In the case of acute damage to the liver, e.g. fulminant hepatitis or intoxication (bulbous leaf fungus), a drop in factor VII is initially seen, as this has the shortest half-life.
In the case of chronic liver damage, there is a uniform decrease in practically all parameters with the exception of factor VIII, which is often elevated. There are disturbances in the liver cell metabolism, whereby sufficient coagulation factors are still produced quantitatively. However, these are associated with a significant reduction in activity.

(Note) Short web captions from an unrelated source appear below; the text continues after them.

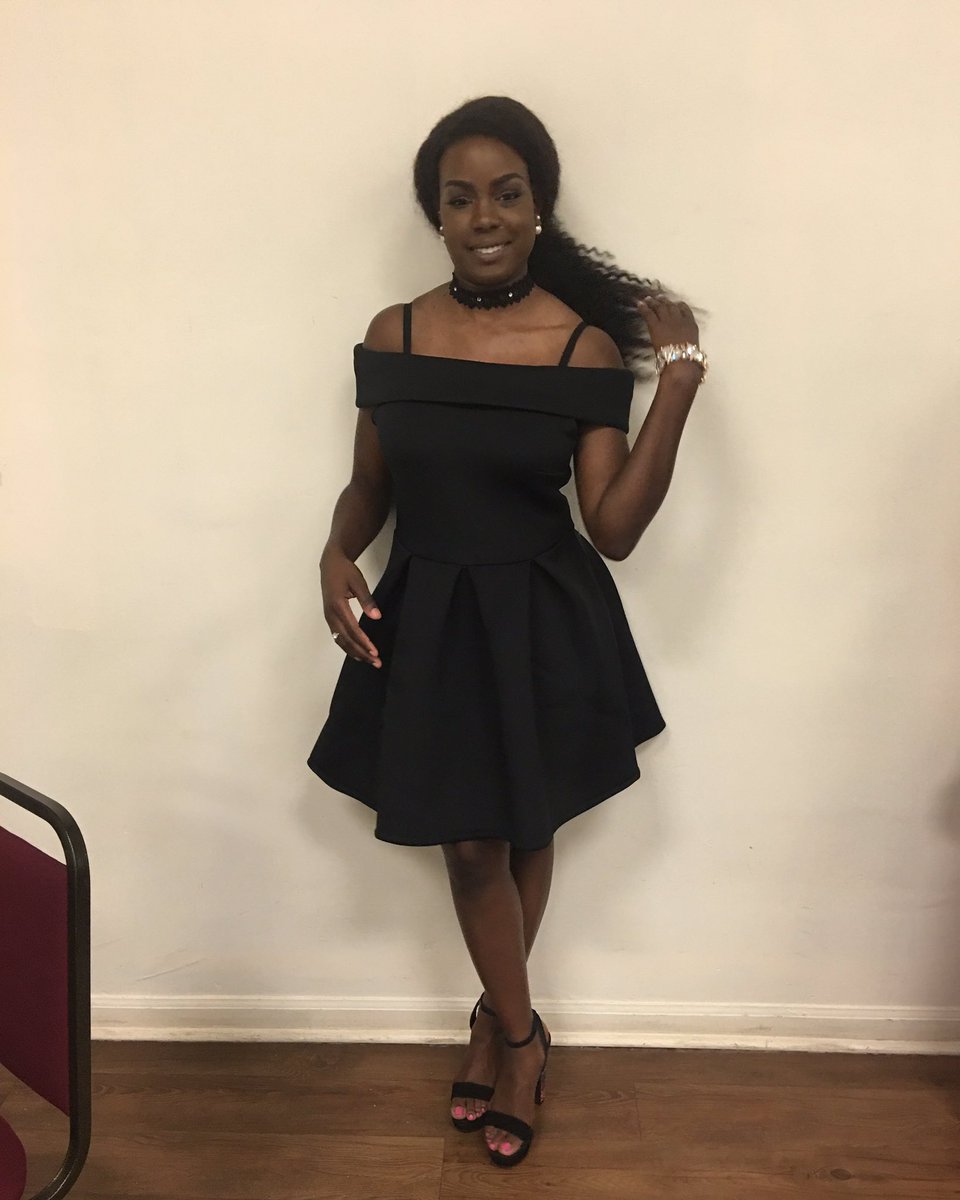 simplyyolacia1's tweet photo. I'm not your average chic! #GodMade #CustomMade #ImWorthTheWait #PurityBall #SAVINME4HIM #2YEARANNIVERSARY
💋❤️🌹❣ https://t.co/LzdUzru91p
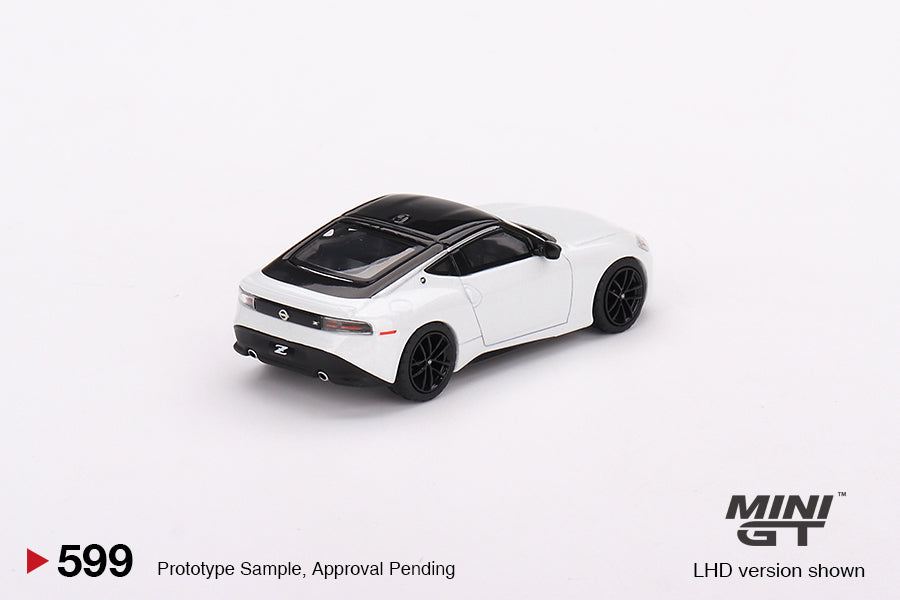 Mini GT 1/64 Nissan Z Performance 2023 Everest White LHD (MGT00599-CH)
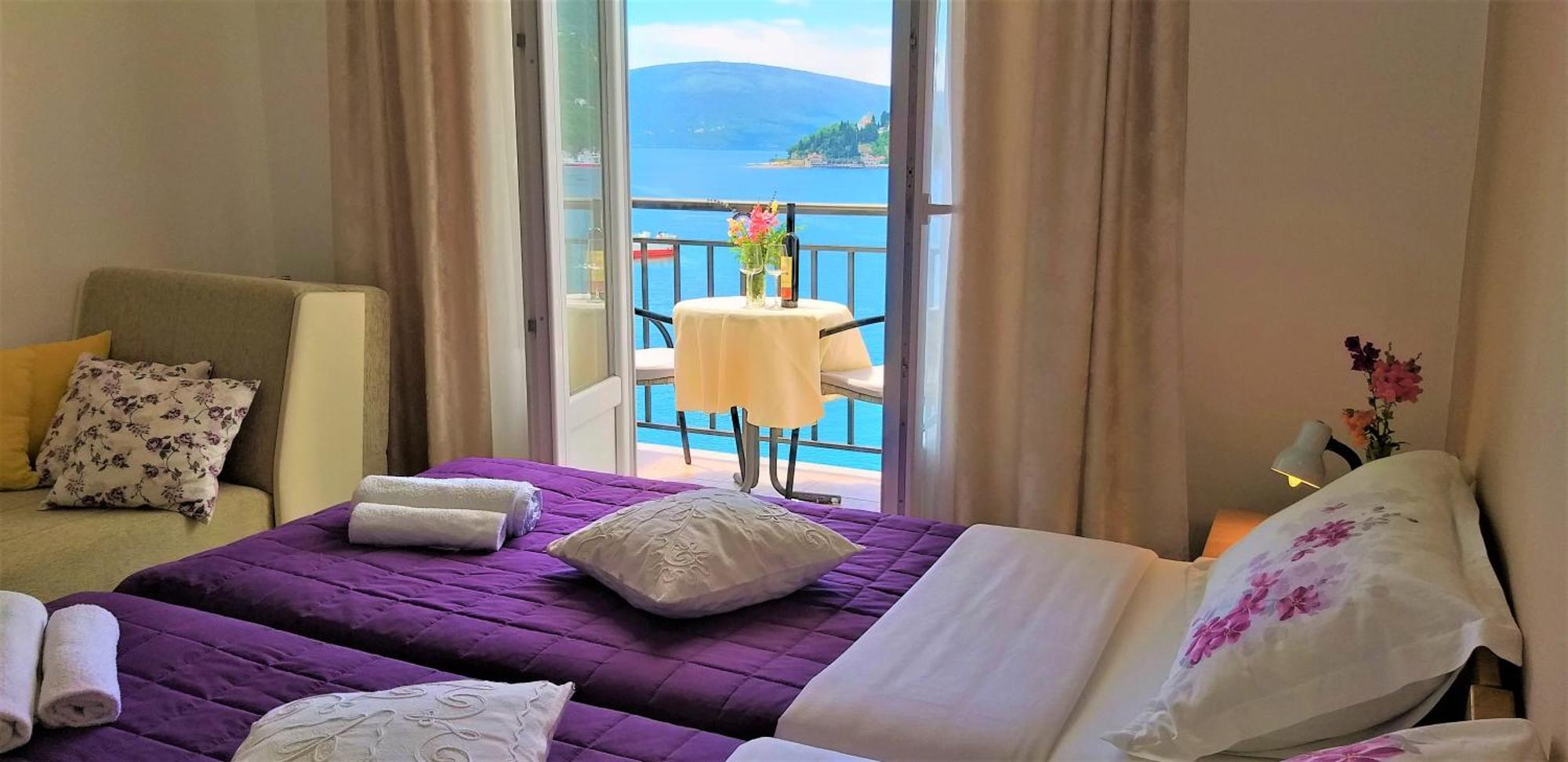 Apartments Okuka Tivat Ruang foto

In addition to the coagulatory factors, there is a reduction in the inhibitors of coagulation, such as antithrombin III, protein C, antiplasmin and plasminogen. Thus, in most cases there is a hemostatic balance between coagulation factors and coagulation inhibitors, with regard to function, however, at a significantly lower level. In the course of liver damage, systemic hypocoagulability often occurs, often with consumption reactions, since small disturbances, such as infections or bleeding, stimulate this equilibrium in the direction of the consumption reaction.
In addition to the quantitative reduction, the quality of the factors also changes, so that dysprothrombinaemia or dysfibrinogenaemia can occur, which leads to a disturbed polymerization of the alpha chains. At the same time, a factor XIII deficiency occurs, as a result of which the polymerisation of the fibrinogen cleavage products cannot be stabilised.
In chronic liver failure, the production of alpha-2-antiplasmin is disrupted, resulting in a reduction in the binding of alpha-2-antiplasmin to fibrin. As a result, the plasminogen is less inhibited and fibrinolysis gains the upper hand. In these disturbed control loops, there is an increase in t-PA and its activity, which further increases fibrinolysis. Subclinical consumption coagulopathy thus occurs, which can be recognised by an increase in fibrin cleavage products.
In addition to the disturbances of the plasma factors, there is also a disturbance of the platelet function. Thrombopenia occurs, especially in portal hypertension in liver cirrhosis due to increased platelet sequestration in the spleen. An important cause of a disturbance of platelet function is direct toxic disorders, e.g. caused by alcohol or drugs.